L’assemblée générale extraordinaire : elle peut être convoquée par le conseil d’administration ou à la demande d’un certain nombre d’adhérents déterminé par les statuts à tout moment de l’année. Elle peut être réunie le même jour que l’assemblée ordinaire mais à un horaire différent. En général, l’assemblée générale extraordinaire ne traite que des sujets précis mentionnés sur l’ordre du jour, sans questions diverses.

 

Le projet d’établissement : définit l’objet de l’association.

Les éléments du projet :

-  La finalité et les objectifs : la finalité qui est l’objectif essentiel du projet associatif peut comprendre plusieurs buts à atteindre ou objectifs. En s’appuyant sur un diagnostic, qui permet d’identifier les besoins, l’association définit des objectifs. A partir de cette analyse, sont déclinés des moyens. Cette démarche aboutit à des actions. L’ensemble permet de rendre lisible le projet sous la forme d’un écrit qui se nomme « statuts de l’association » pouvant être complété par un règlement intérieur.

-  Le programme d’action et les moyens : les objectifs se décomposent en actions et en moyens humains, matériels et financiers qui y sont attribués. Le programme fixe différentes phases et des échéances. Un planning peut enfin répartir les tâches et les responsabilités.

-  Les partenaires du projet : le partenariat est une forme d’entraide mutuelle qui ne se réduit pas à une transaction monétaire (don ou subvention). Solliciter un partenaire revient à analyser les positions et les enjeux réciproques.
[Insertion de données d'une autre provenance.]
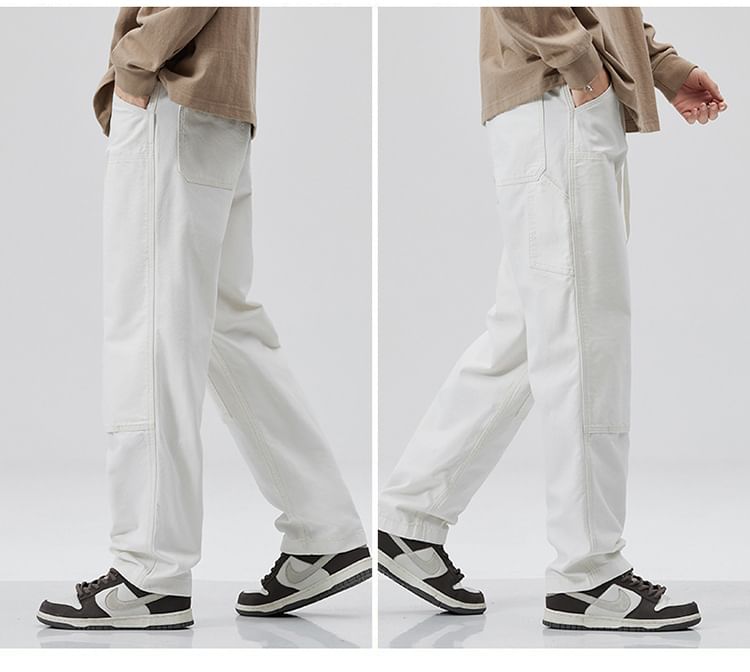 Nataro - Halfhoge effen rechte broek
La réussite n’engage pas qu’un prix à payer mais aussi un savoir-faire à valoriser et un engagement.

-  Le pilotage : il est exercé par tous les adhérents de l’association pour assurer la bonne marche du projet. Ce peut être par délégation, le bureau ou le conseil d’administration, une commission de travail, voire un individu (chargé de mission, salarié). Cette instance ou cette personne veille sur tout ce qui se passe et tient un journal de bord. Elle a une vue d’ensemble qui permet de dire si le cap est maintenu, de pallier les manques, de demander de l’aide si besoin.

-  L’évaluation : elle est mise en place dès la conception du projet pour en valider le déroulement et en vérifier la bonne marche. Elle peut, par délégation, être confiée pour totalité ou partie aux membres du bureau ou du conseil d’administration de l’association. L’évolution du projet est validée chaque année en assemblée générale par l’ensemble des adhérents.

 

Les phases

1)    Définir : c’est le passage de l’idée à la description du projet en termes d’objectifs à atteindre et d’actions à entreprendre. Il s’agit de tester les premières impressions qui donnent l’envie de faire (enquête, repérage…), de vérifier le réalisme et la faisabilité. Le passage à l’écrit est souvent nécessaire pour assurer la mémoire complète concernant le partage du projet avec d’autres, dont de potentiels partenaires.

2)   Organiser : tout se joue autour de l’élaboration du plan d’action et de la constitution du groupe de pilotage. Là il faut décider de qui fait quoi dans l’association pour la réalisation du projet, qui négocie et avec quels partenaires. Si le projet le nécessite, le budget est établi, le plan de financement est lancé, ainsi que le plan de communication une fois les contenus et les destinataires des messages définis.

3)   Réaliser : il s’agit de réaliser le programme d’actions prévues, sous la responsabilité de l’instance de pilotage. Chaque action est coordonnée avec les adhérents et autres partenaires. Il est important de garder des traces (enregistrements audio/vidéo, photos, comptes-rendus…) de chaque moment de la réalisation.

4)   Evaluer : l’évaluation, en forme de bilan, revêt une importance particulière à plus d’un titre :

  • elle valide les acquis, les expériences ré-investissables pour les projets à venir ;
  • elle établit les faiblesses et les difficultés rencontrées dans la perspective d’une meilleure organisation à l’avenir ;
  • elle est un temps d’échanges et d’écoute sur les différents critères d’appréciation suivant les points de vue adoptés ;
  • elle donne un reflet de l’association produit à l’extérieur en mesurant l’impact de cette réalisation.